The International Monetary Fund (IMF) forecasts global economic growth (GDP) in 2022 at 3.2% compared to 2021. This is a sharp downgrade from its early 2022 forecast of a 3.9% increase. The IMF also revised the world GDP forecast for 2023 to 2.7% as a result of rising interest rates, energy prices and financing costs. These factors increase financial costs to business and reduce corporate profits and consumer purchasing power. On the Chinese side, although the government eased its Zero-COVID measures after mass protests in November 2022, the impact of its epidemic control measures caused China’s crude oil imports to fall by 1.4% year-on-year in January-November 2022, to 10.06 million barrel per day, close to the volume imported in 2020.

The International Energy Agency (IEA) estimates that global oil demand in 2022 will increase by 2.1 million barrels per day over the previous year. This was revised down from the 2022 initial forecast with increase of 3.6 million barrels per day over the previous year. In 2023, global oil demand is expected to increase by another 1.6 million barrels per day to 101.4 million barrels per day higher than 2019 when the Covid-19 outbreak began.

The oil market in 2023 is likely to be highly volatile due to tightening supply after the sanctions on Russian seaborne crude oil started on 5 December 2022. (Sanctions on seaborne refined products will be imposed on 5 February 2023). The Biden administration tries to improve the global crude supply situation by allowing Venezuela to export crude. Venezuela is projected to increase oil production from the current level of 690,000 barrels per day to 720,000 barrels per day in the second half of 2023 which will help to relieve tightening supply conditions.

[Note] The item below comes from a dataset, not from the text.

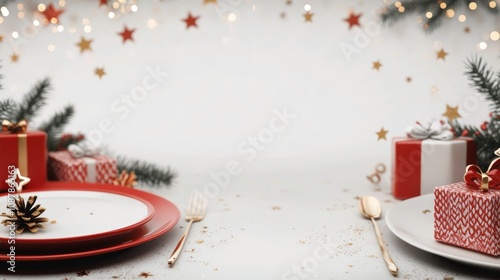 Decorative Christmas dining table with red plates and festive ornaments for h...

In 2023, OPEC and its allies (OPEC+) will continue to regulate crude oil production as per the latest agreement on 5 December 2022 (cut production by 2 million barrels per day from November 2022 until the end of 2023) until the next meeting scheduled on 4 June 2023. OPEC+ production for the month of October 2022 staying at 38.47 million barrels per day or about 2 million barrels per day below the production quota.

Stay tuned as the Russia-Ukraine war drags on into winter and the G7, EU and Australia’s oil price ceiling on Russia and rising central bank interest rates around the world produce continual oil price volatility from the remainder of 2022 through 2023.

PRISM analysts estimate Dubai crude oil prices in 2023 to be in the range of $80-90 per barrel.